GIVEN INFORMATION
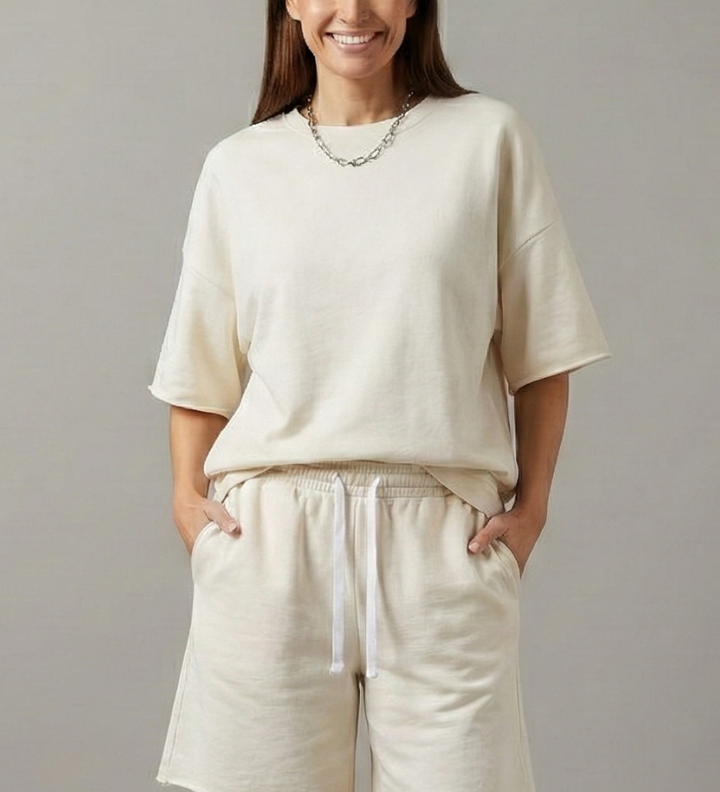 Damen Zweiteiliges Set mit Crop-Top und Shorts mit Kordelzug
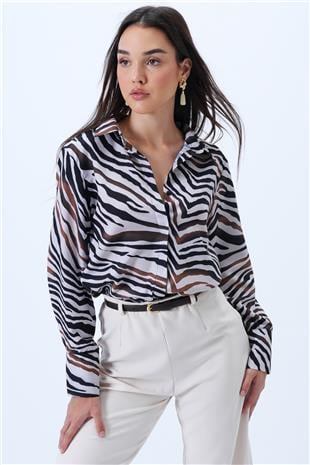 Kadın Siyah-Beyaz Zebra Desenli Oversize Gömlek VS00363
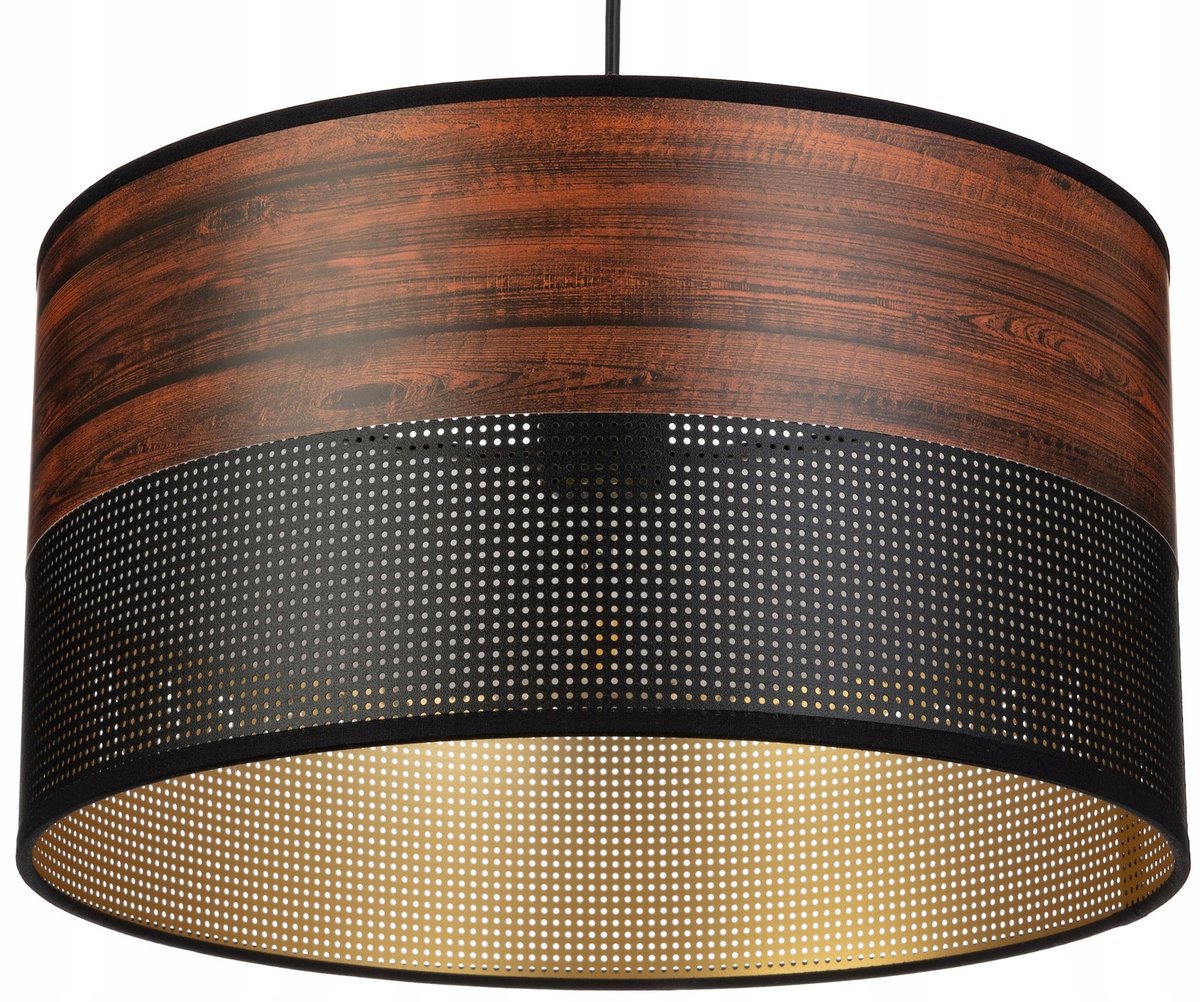 Merkloze Wenge Zwarte Hanglamp met Gouden Accent en Perforatie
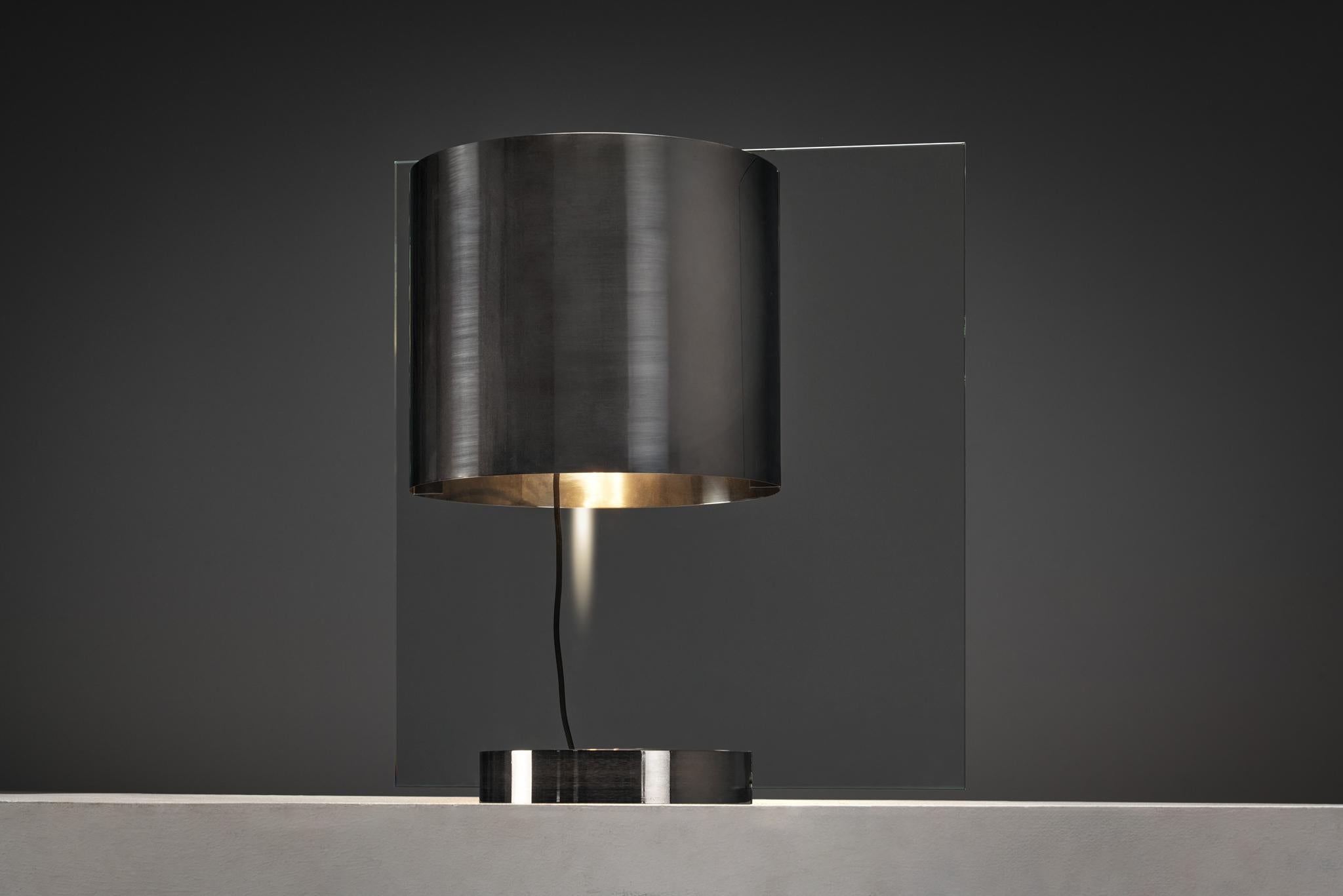 Italian Lumenform Table Lamp in Glass and Chrome 1970s For Sale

THE TASK
Starting from the line that has "Merkloze Wenge Zwarte" and ending at the last line of the material above, every line should be output exactly; pictures are dropped and nothing else appears.

OUTPUT FOR THIS TASK
 Merkloze Wenge Zwarte Hanglamp met Gouden Accent en Perforatie
 Italian Lumenform Table Lamp in Glass and Chrome 1970s For Sale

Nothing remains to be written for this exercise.